Saturday, February 13, 2016

Will anyone make a dent in Trump's support?

Tonight is the GOP debate in South Carolina. What will be the strategy of each candidate? Will anyone go after Trump? Or will everyone try for the number two spot?

Nick Gillespie writes at Reason,
Donald Trump's appeal among Republicans is directly related to issues and attitudes that mainstream conservatives and Republicans have been harping on for virtually all of the 21st century, if not longer. Anyone with even passing familiarity with National Review, which rarely misses an opportunity to tout its central role in the post-war conservative movement, knows that the magazine has long been extremely hostile to immigration, extremely bellicose when it comes to foreign policy and projecting American "strength" abroad, and extremely quick to attack any real and perceived slights to "American exceptionalism" (a term more often invoked than defined with any precision) while excoriating any real and perceived concessions to "political correctness."

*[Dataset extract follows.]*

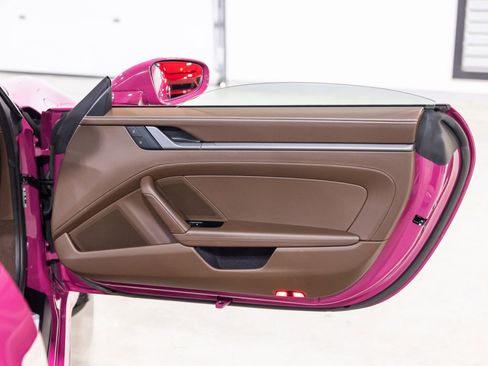 Used 2023 Porsche 911 Carrera w/ Premium Package RWD image 27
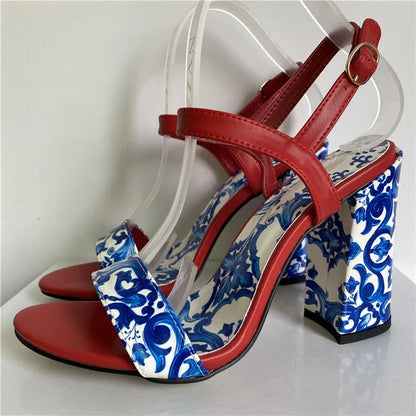 ZomerGloed Blauw en Wit Porselein Print Sandalen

These are exactly the grounds upon which Trump has seized the day in the Republican primary season, so if he is in fact "a philosophically unmoored political opportunist"—and I think that's a pretty fair description—National Review's editors might at least acknowledge that they helped to create the opportunity in the first place. After all (and whatever his past affiliation), Trump isn't running in the Democratic primaries, is he? And despite the editors' claim that since Jesse Jackson entered the 1984 Democratic race "both parties have been infested by candidates who have treated the presidency as an entry-level position," the plain fact is that it's the GOP and conservatives who regularly trot out and swoon for the likes of Donald Trump, Carly Fiorina, Ben Carson, and Herman Cain.
Read more here.

Gillespie continues yesterday,
I understand why educated and cosmopolitan Republicans are freaked out by Trump: He's eating the party's lunch at this point.

And he is crass, vulgar, and generally unthinking. The things he says about women such as Megyn Kelly and Carly Fiorina, the way he reveled in Ted Cruz being called a pussy, how he thinks of Mexicans—these are all deeply embarrassing to anyone with any sense of shame or decency. His policies, such as they are, are stupid and embarrassing, revolving mostly around statements of self-aggrandizement and obsessions with masculinity, greatness, weakness, and an ability to bend people to his will.